Chapter 18

Be Patient

Twelve Days Left of Feeling Like I’m Part of a Family

Jamie opens the oven and carefully pulls out the red Dutch oven. Outside, another three inches of snow have fallen since we dropped the girls at school, coating the ground in a pale, muffled gray light. He’s in a white tee and flannel pajama pants. A tiny fleck of flour clings to his jaw.

“Your first sourdough,” he announces, removing the lid with his potholders. Inside sits a perfect golden-brown loaf. The crust is crackling, and steam fills the kitchen with that toasty, yeasty smell that makes everything feel like home.

“I love carbs,” I breathe, leaning forward like I could inhale the whole thing. “I’ll get the butter.”

“Nope,” he says, shaking his head, green eyes catching mine as a stray curl falls over his forehead. “We gotta wait at least an hour for it to cool.”

“You didn’t tell me that when we started!” I groan, swatting him lightly with a candy cane linen dish towel.

“Keep complaining.” He plops the loaf onto a wooden cutting board. “I usually wait two hours.”
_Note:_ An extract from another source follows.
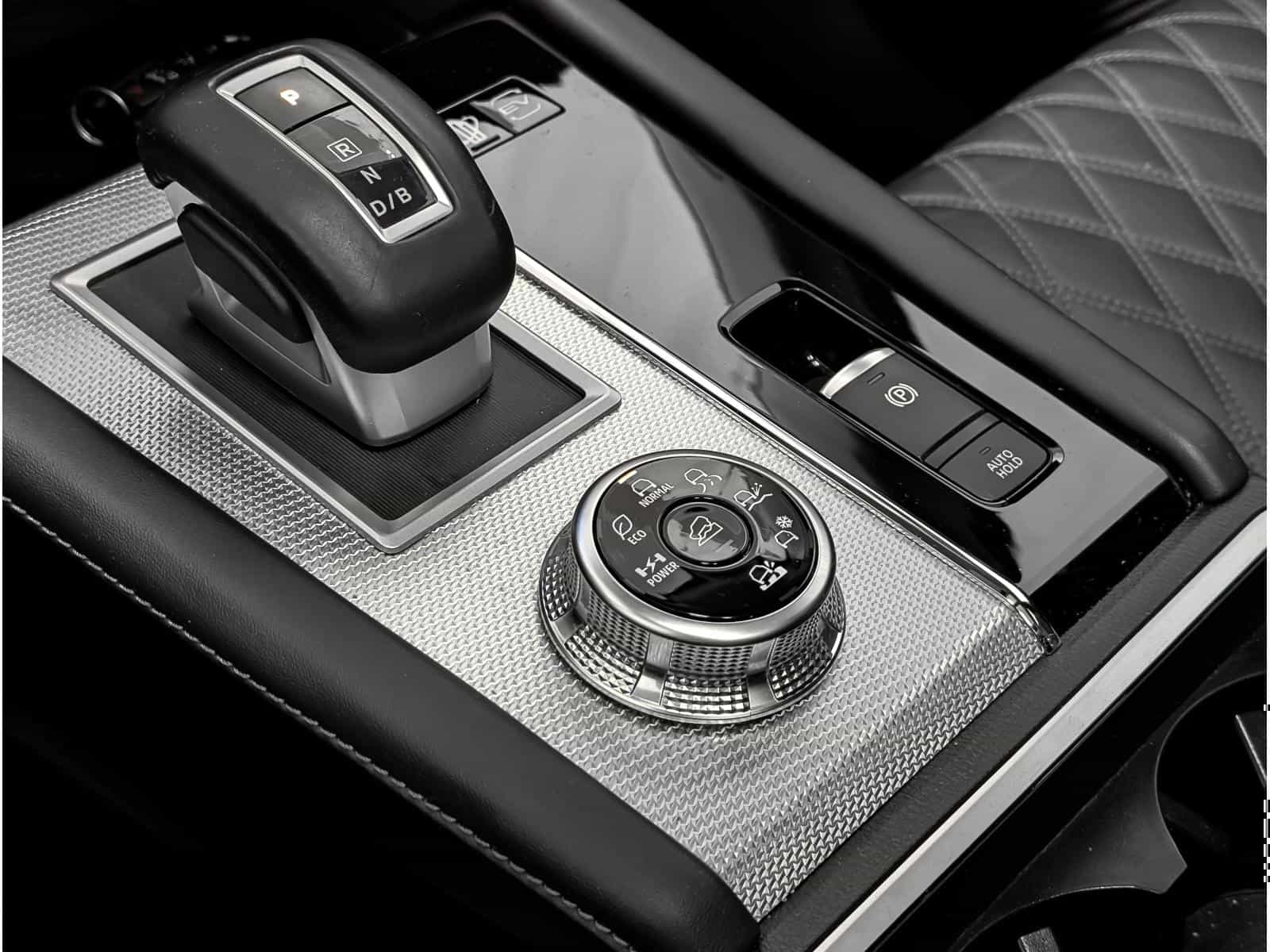 2023 Mitsubishi Outlander GT - Image 14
“I’m only waiting for one. Even setting a timer for fifty-seven minutes.”

I pick up my phone to set the timer and notice an email from the lab. Scanning it quickly, I feel a small surge of vindication.
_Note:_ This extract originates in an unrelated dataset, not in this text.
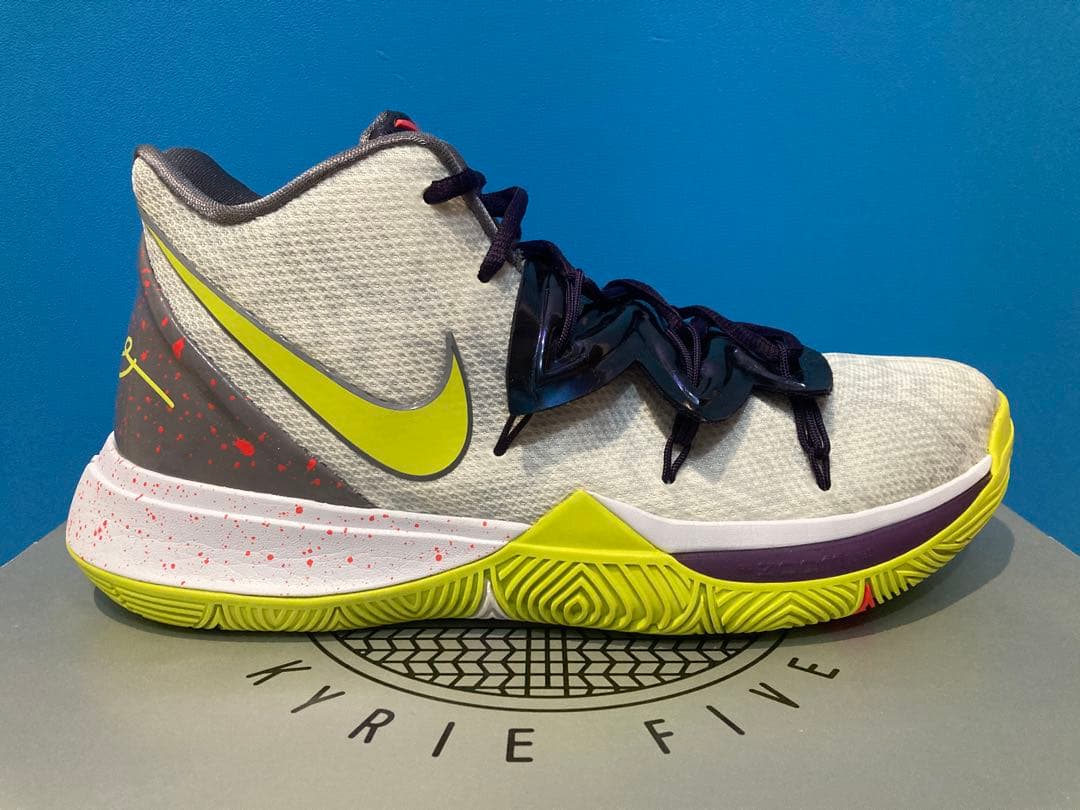 Nike Kyrie 5 ナイキ カイリー5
“The lab got the sample back,” I say, rereading the findings.

“Already?”

“I am the best in the city,” I say, smirking. “The moss samples from the trees the other day are a mild irritant. No long-term effects expected, but the moss should be scraped off and the spores killed with white vinegar.”
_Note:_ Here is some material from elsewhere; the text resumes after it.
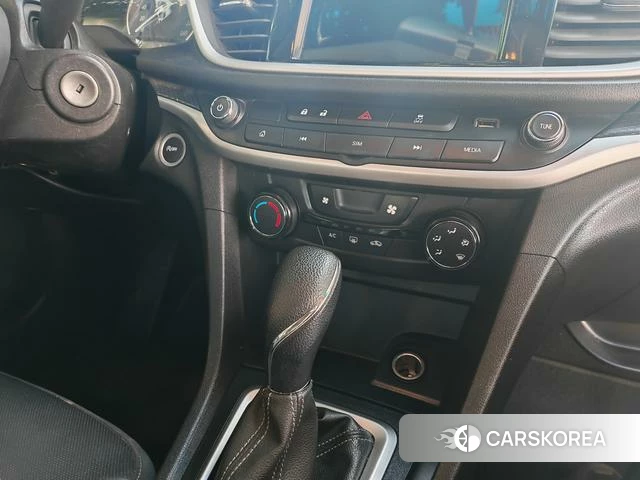 Buick Yinglang id 3869835 из Китая 11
Jamie leans against the counter and glances at the dark window. It’s only eleven in the morning, but a blizzard is howling outside, with snow piling up along the edges of the house. “Damn. They used to love the moss. I wonder what changed.”

“It’s a new strand,” I say, reading off the report. “Maybe cross-pollination or something.”

“I can hire some teenagers to clear it with the new funds you brought in.”

“Good idea,” I say, staring at the ice crusting around the kitchen window. It’s the coldest day since I arrived. There’s nothing we can do today, so the moss will have to wait.

Jamie’s eyes flick back to me. “Guess all your work here is done.”

I don’t think he meant for it to sound cold, but my skin pebbles like I’ve been kicked out into the storm.

He is right. I handled Arrietty’s labor, stabilized the sick reindeer, and even did things he wasn’t expecting, like revamping the sanctuary’s social media presence and introducing the adoptions.

But it seems tiny next to everything he’s done for me.

Patience. Fun. There are so many things I want to say to him, but listing them all would make whatever this is between us feel finished. And I’m not ready to say goodbye.

“But you’re glad I’m staying?” I say, wrapping my arms around his stomach.

“Of course,” he says, rubbing his thumb over my arm.

And I feel it all—the guilt, the pull, the impossible mixture of wanting to linger and knowing I can’t.